C'est d'abord en les poussant vers les isoloirs qu'Olivier Besancenot, porte-parole de la LCR, compte "recréer de la solidarité et de l’espoir dans la jeunesse". C'est d’ailleurs toute la propagande que distille actuellement le collectif "Devoirs de mémoires" dans son appel publié le 8 décembre dans le Nouvel Observateur et qui commence par une nauséabonde évocation du cri du chant patriotique national : "Allons jeunes et moins jeunes de la patrie, le jour de s’inscrire sur les listes électorales est arrivé". Ce collectif, créé il y a un an par le rappeur Joey Starr, quelques autres vedettes du spectavle et… (faut-il s’en étonner ?) Olivier Besancenot, nous martèle que pour changer les choses, pour "construire l’avenir", il faut "s’inscrire" pour aller voter : "Chacun de nous est une voix, chacun de nous a des droits sur les choix sociaux, économiques, culturels et politiques, faisons-les valoir". En résumé, la LCR et son collectif nous incitent à tirer la conclusion que, pour changer la société, l’avenir, ce n’est pas la lutte de classe mais le bulletin de vote. Autrement dit, les "solutions concrètes" résident dans l’effort pour rendre le capitalisme plus juste, plus humain, plus démocratique mais surtout il s'agit de ne pas remettre en cause les fondements et l'existence-même de ce système. Quand ce collectif déclare dans son appel, "la démocratie n’attend que nous", il ne s'adresse aux ouvriers que pour les détourner de leur terrain de classe.

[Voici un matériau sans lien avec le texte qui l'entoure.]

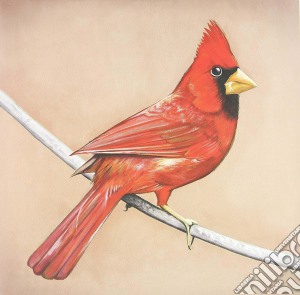Alexisonfire - Old Crows / Young Cardinals cd musicale di Alexisonfire
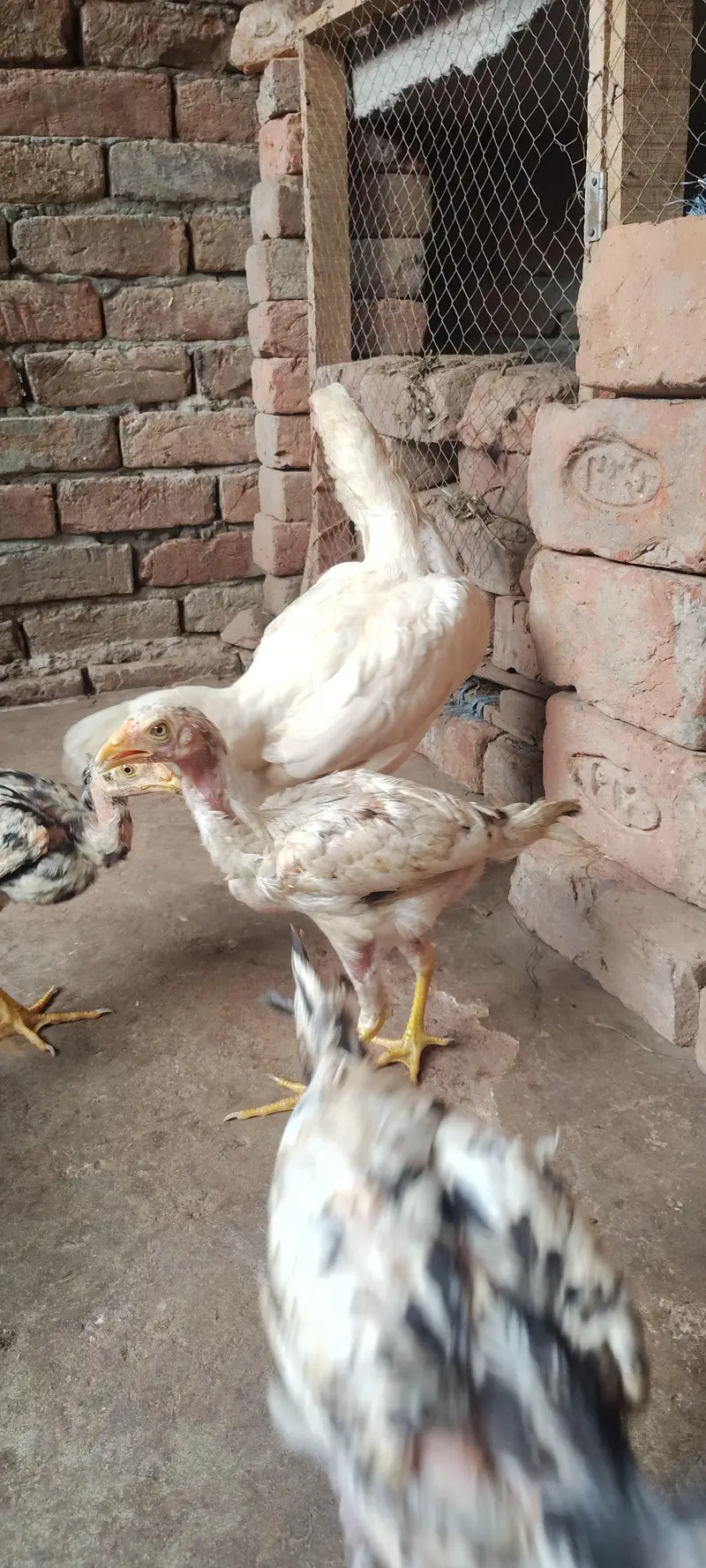 Paper White Aseel Murgi with 6 chick's for sale — photo 5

Tous ceux qui voudraient faire croire que les prolétaires n'ont pas d'autre choix que les émeutes ou le bulletin de vote ne font qu'agir dans le sens des intérêts de la bourgeoisie, en tentant de priver la classe ouvrière de tout moyen d'action et de stériliser toute réflexion en son sein sur la nécessité d'en finir avec ce monde incapable d'offrir la moindre perspective d'avenir. Ces organisations sous leur masque radical ne font en définitive que participer au sale travail de sape de l'identité de classe des prolétaires.